Hasil penjarahan uang negara dari kasus korupsi Pertamina, lanjut Sri Radjasa, diduga mengalir jauh hingga ke kalangan sebagian dari eksekutif, legislatif dan aparat hukum, pemred dan LSM anti korupsi telah membangun network kejahatan di lingkungan kekuasaan negara.
Kasus korupsi Pertamina menjadi tren baru korupsi, dimana para koruptor memanfaatkan jaringan kejahatan di inner circle kekuasaan, untuk melakukan serangan balik dengan mengadu domba sesama APH, dalam rangka membegal proses hukum yang sedang berlangsung.
“Modus serangan balik koruptor, memanfaatkan jaringan makelar kasus, LSM anti korupsi abal-abal, bandar judi online dan oknum aparat hukum dengan mafia migas, memfabrikasi laporan pengaduan kepada KPK terhadap Jampidsus yang saat ini mengemban tugas penyidikan untuk membongkar gurita korupsi Pertamina,” ujarnya.
Terkait laporan pengaduan ke KPK, Ungkap Sri Radjasa, awalnya Direktur Eksekutif Center of Energy and Resources Indonesia (CERI) Yusri Usman ditunjuk sebagai ketua pelaksana, namun 10 hari sebelum acara bedah kasus di restoran kawasan Senayan Yusri mengundurkan diri.
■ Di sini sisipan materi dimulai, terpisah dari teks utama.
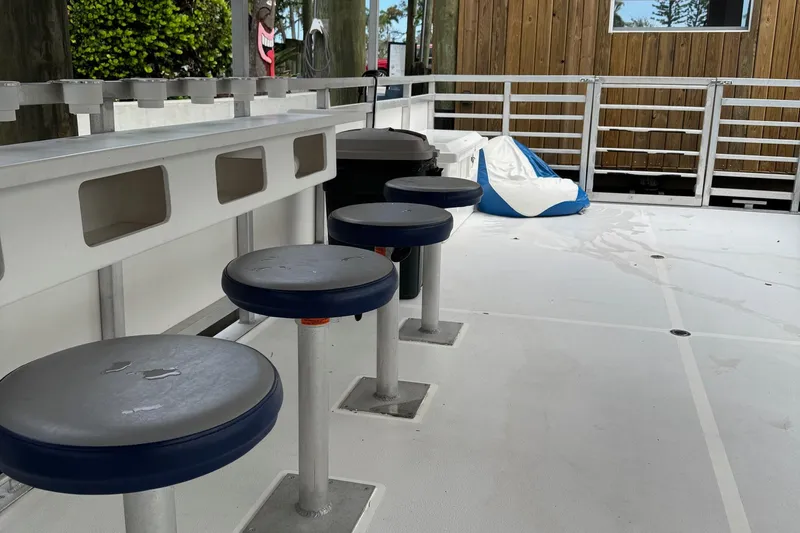 Slide: The Image of 2022 Guthrie Boatworks A&M Custom Pontoon interior with bar stools and spacious deck. - 28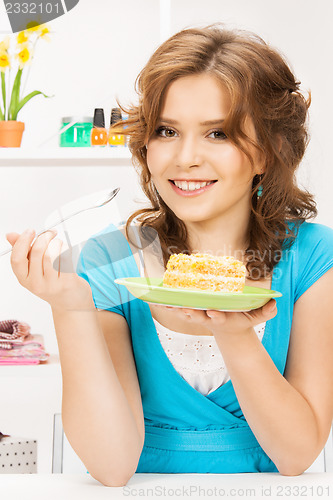 Image of lovely housewife at the kitchen with sweets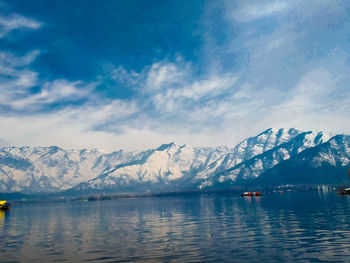 Scenic view of lake and snowcapped mountains against sky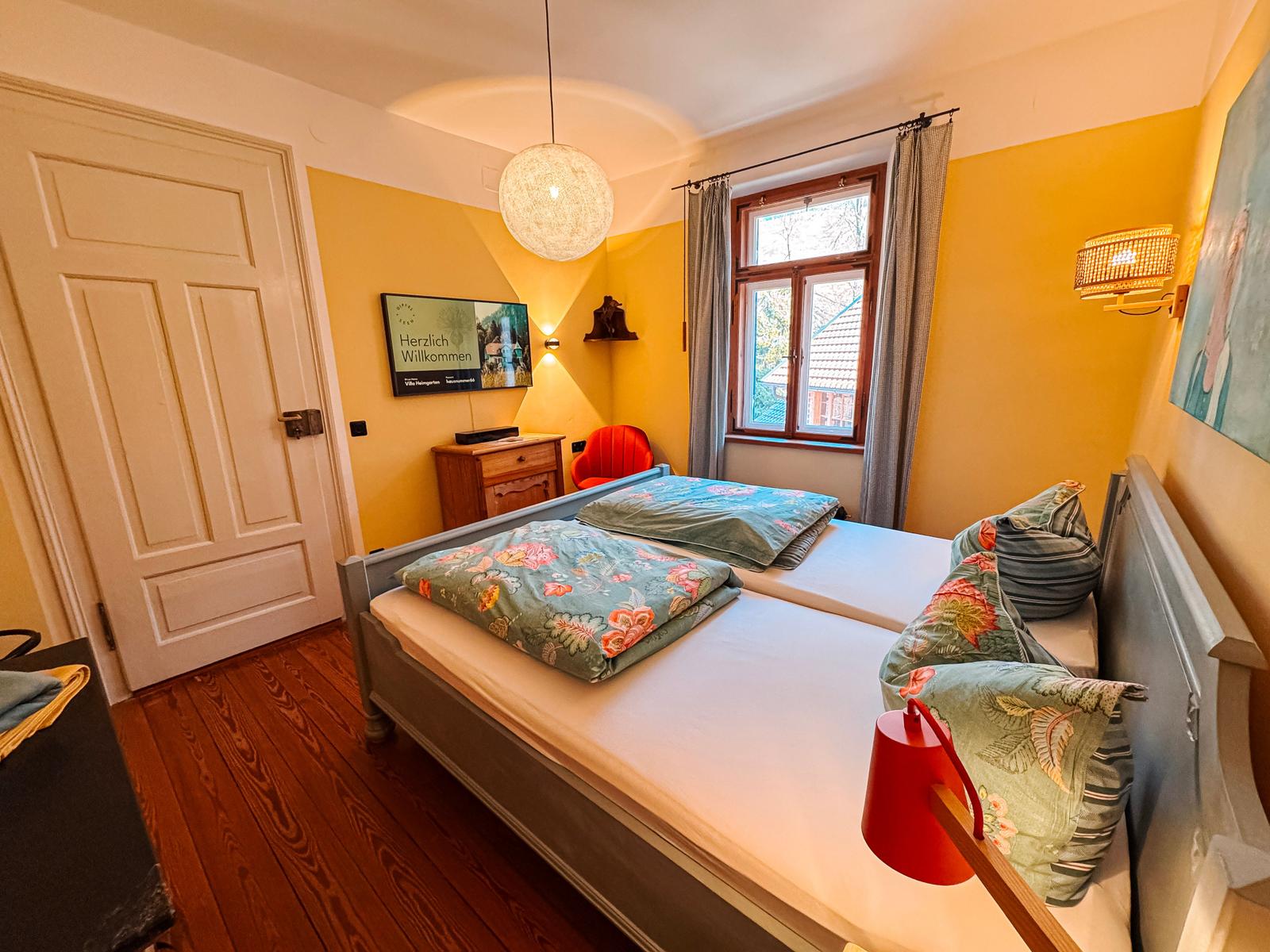 Schlafzimmer mit Doppelbett, Fenster, TV und Holzboden.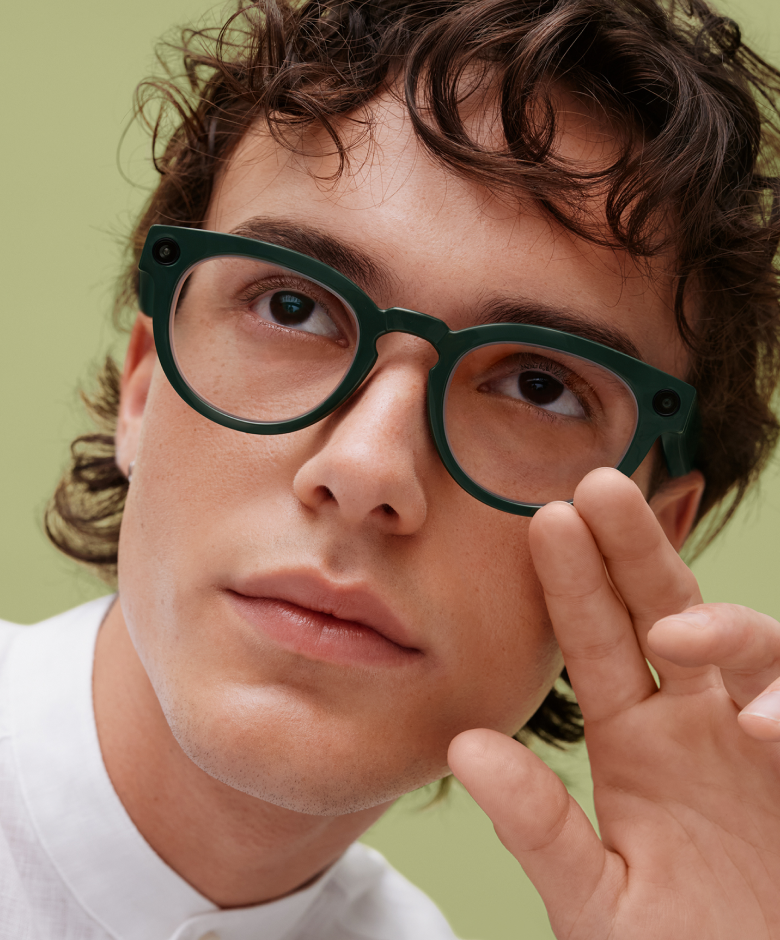 Man with curly hair and green glasses touches his face.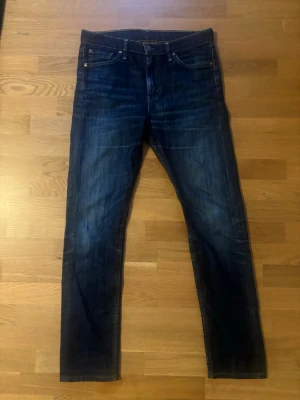 Vintage levi jeans  - Snygga mörkblå slim fit jeans med klassisk femficksdesign och subtila slitningar. Jeansen har raka ben och är tillverkade i ett robust denimtyg som ger en tidlös look. Perfekta för dig som gillar en enkel men stilren stil.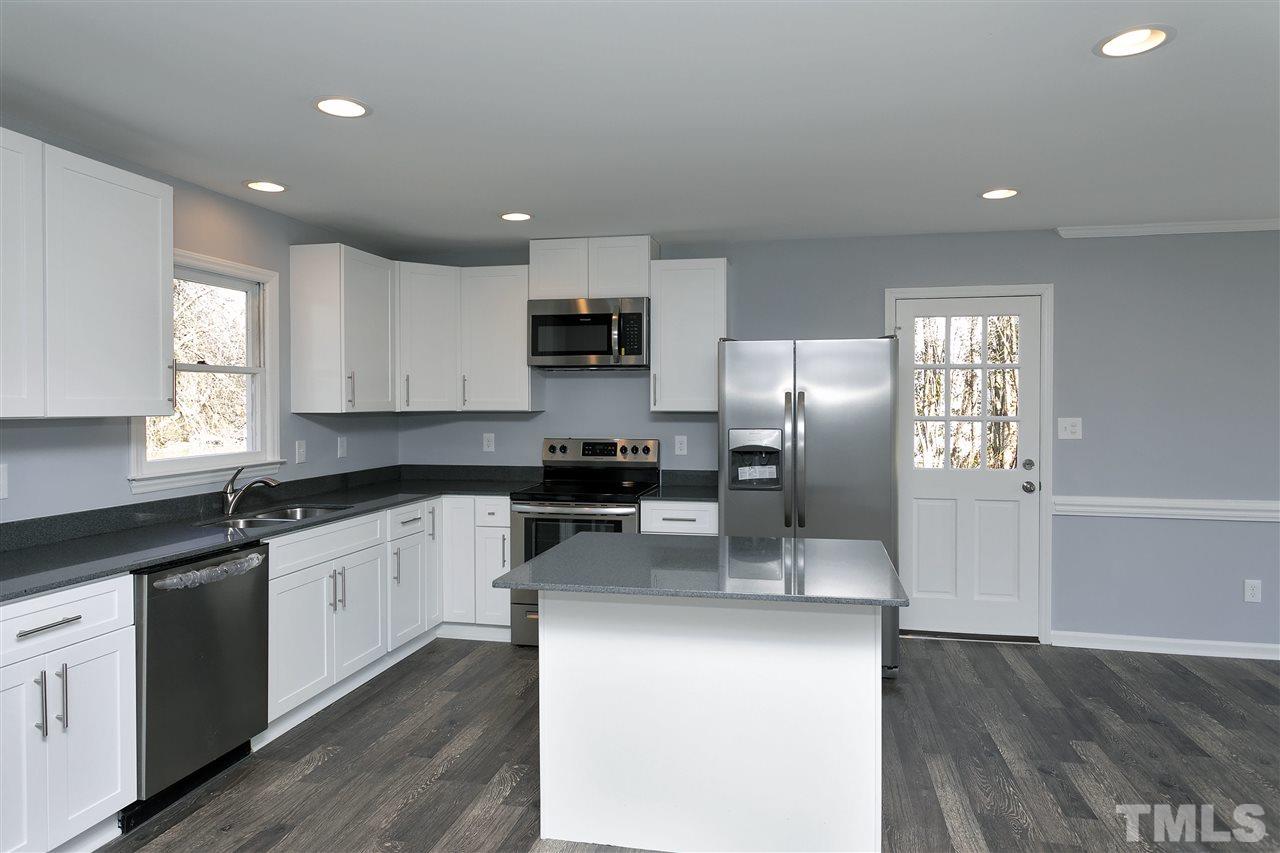 2016 Howson Road Raleigh, NC 27603 - Photo 8 of 25 a kitchen with granite countertop a refrigerator a sink a stove a microwave and wooden cabinets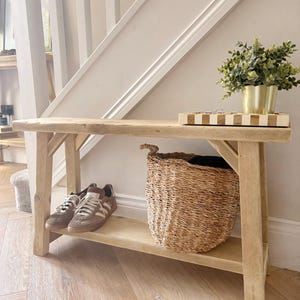 May include: A light-toned wooden console table with a lower shelf, featuring a woven seagrass basket, a pair of brown and white trainers, a gold-coloured planter with a green plant, and a rectangular tray with a white and tan striped pattern.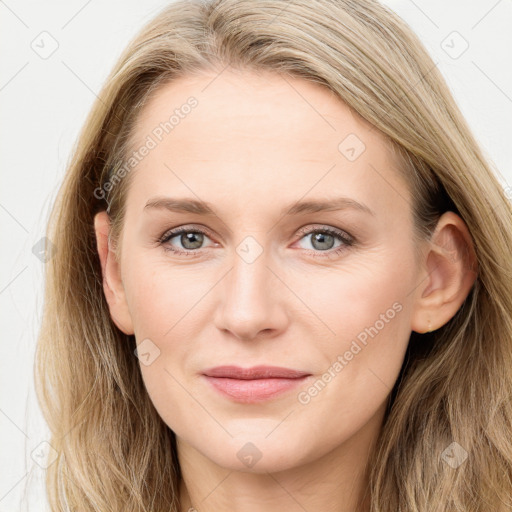 Joyful white young-adult female with long  brown hair and blue eyes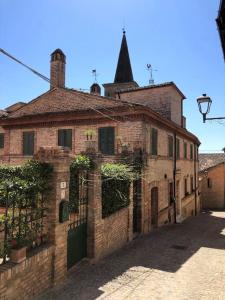 stary ceglany budynek z wieżą zegarową na górze w obiekcie Casa Rosy nel centro del borgo di Patrignone w mieście Patrignone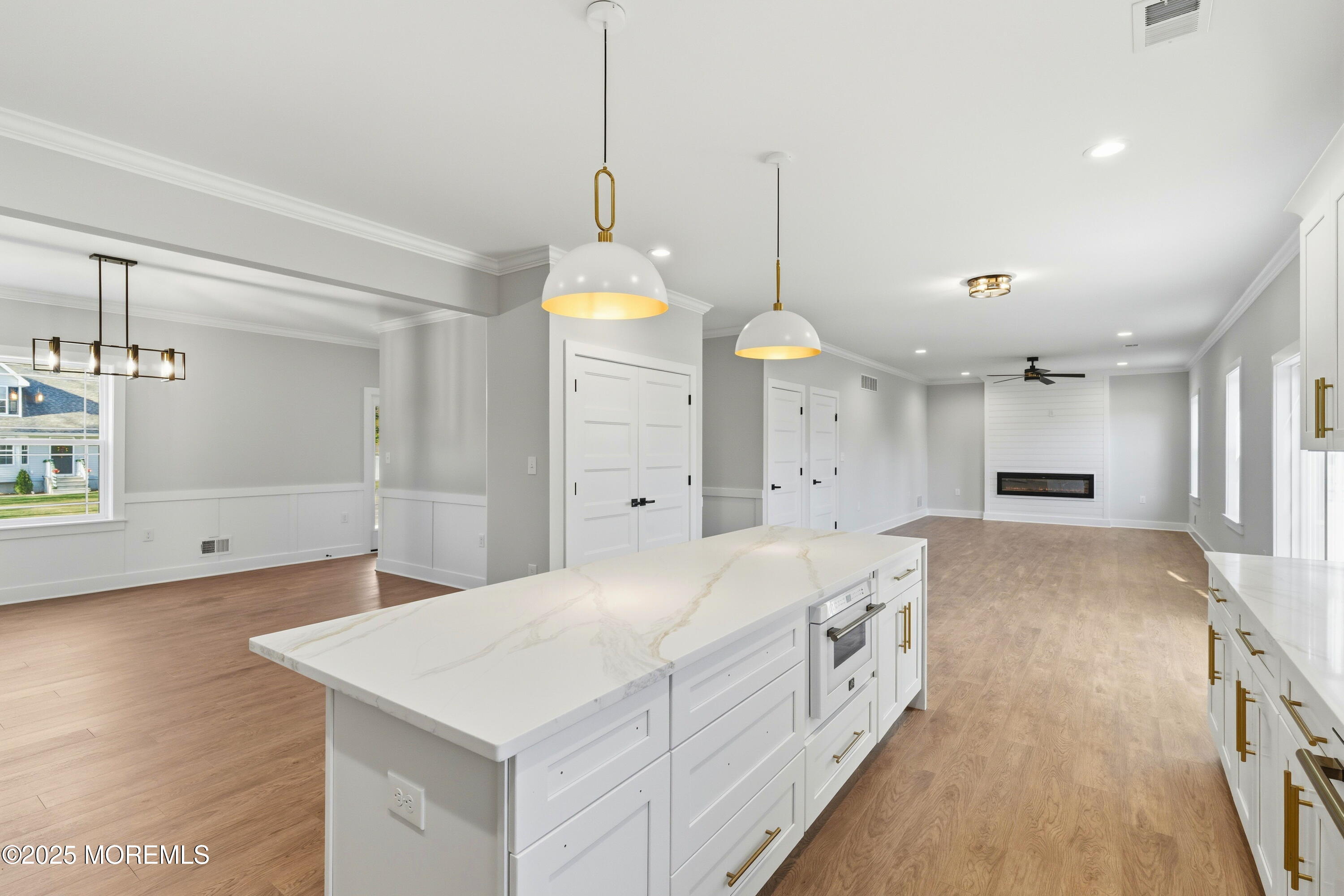 421 Roland Avenue Bayville, NJ 08721 - Photo 42 of 45 a large white kitchen with a large island oven a stove a sink a chimney and a window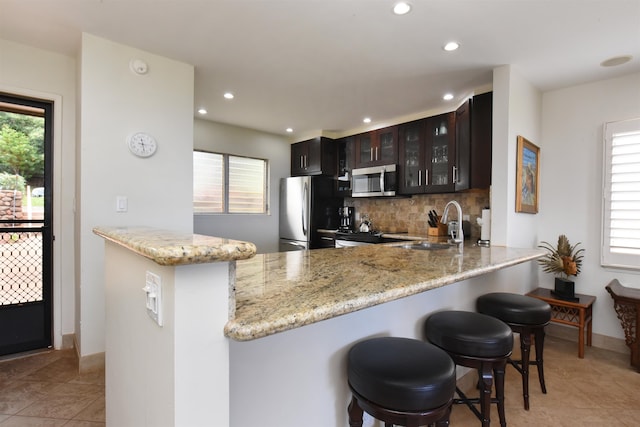 kitchen with light tile patterned floors, a healthy amount of sunlight, stainless steel appliances, and dark brown cabinetry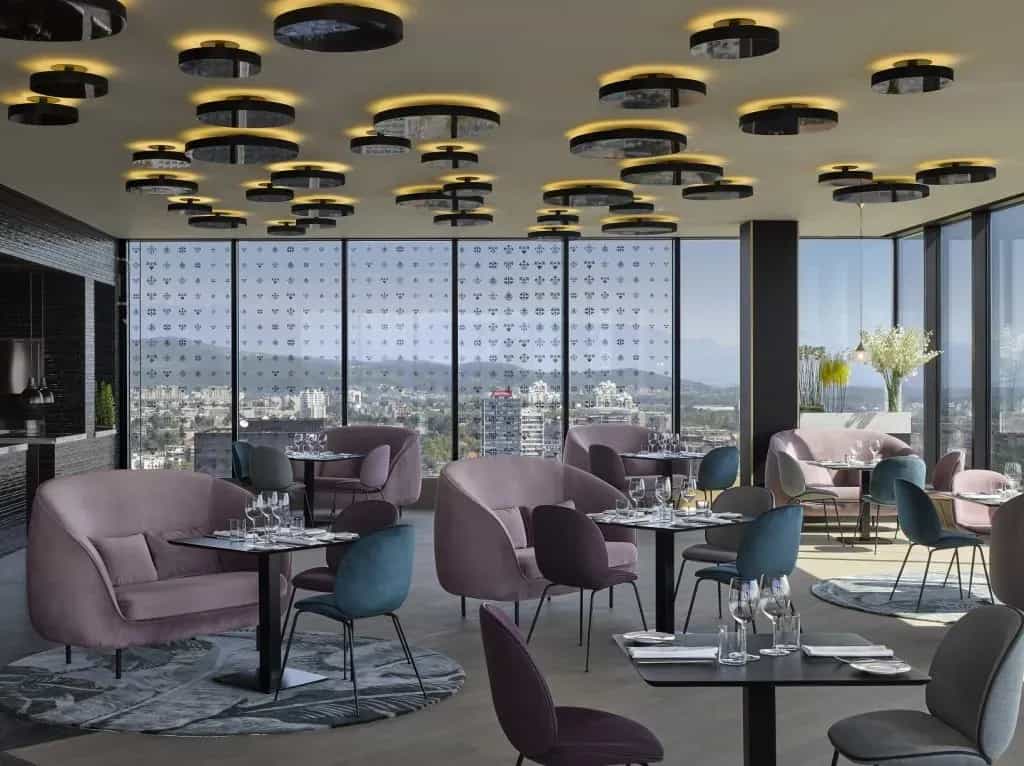 Modern restaurant dining area with velvet seating and city view through large windows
Dia berjanji menceritakan semuanya setelah Lebaran Idul fitri nanti.
Yusri mundur sebagai ketua pelaksana setelah mencium gelagat ada agenda lain dari kegiatan itu. “Sabar saja nanti akan dibuka supaya terang benderang siapa aktornya dan motifnya,” kata Sri Radjasa.
Menurut Sri, berdasarkan sumber informasi yang dia peroleh, operasi itu dikodinir oleh seorang makelar kasus yang belakangan ini sering jalan dengan bandar judi online.
Modus operandinya dia bekerjasama dengan LSM anti korupsi dengan track record memiliki kerja sampingan untuk memeras terduga korupsi dan dukungan dana dari bandar judi online.
Menurut Sri, Yusri siap menunjuk nama otak pelaku pembegal proses hukum kasus korupsi. “Modus serangan balik gerombolan koruptor semakin kalap dan menyasar ke segala arah, tidak hanya melakukan aksi teror terhadap awak media yang diduga menggunakan kelompok kriminal terorganisasi, dengan target menghentikan kerja-kerja jurnalis kritis,” ujarnya.
Koruptor juga dengan licik mulai memainkan kartu politik Presiden Prabowo. “Serangan balik kelompok koruptor kepada Presiden Prabowo, patut dicatat sebagai bentuk serangan terhadap martabat kepala negara dan kepala pemerintahan,” tegas Sri.
“Penyerangan terhadap martabat Presiden diatur dalam Undang-Undang Nomor 1 Tahun 2023 tentang Kitab Undang-Undang Hukum Pidana (KUHP), yaitu Pasal 218,” tambahnya.
Menurut Sri, serangan balik mafia migas dengan modus membenturkan antara aparat hukum, teror terhadap awak jurnalis dan serangan terhadap citra Presiden Prabowo serta penggunaan media sosial untuk membangun opini negatif terhadap proses hukum kasus korupsi, patut dikategorikan sebagai tindakan makar terhadap hukum dan kewibawaan negara.
“Menghadapi eskalasi kerawanan manuver mafia migas, dibutuhkan campur tangan Presiden Prabowo, terhadap proses hukum kasus korupsi, dalam rangka menjaga marwah negara yang tidak boleh kalah oleh koruptor dan antek-anteknya,” tutupnya.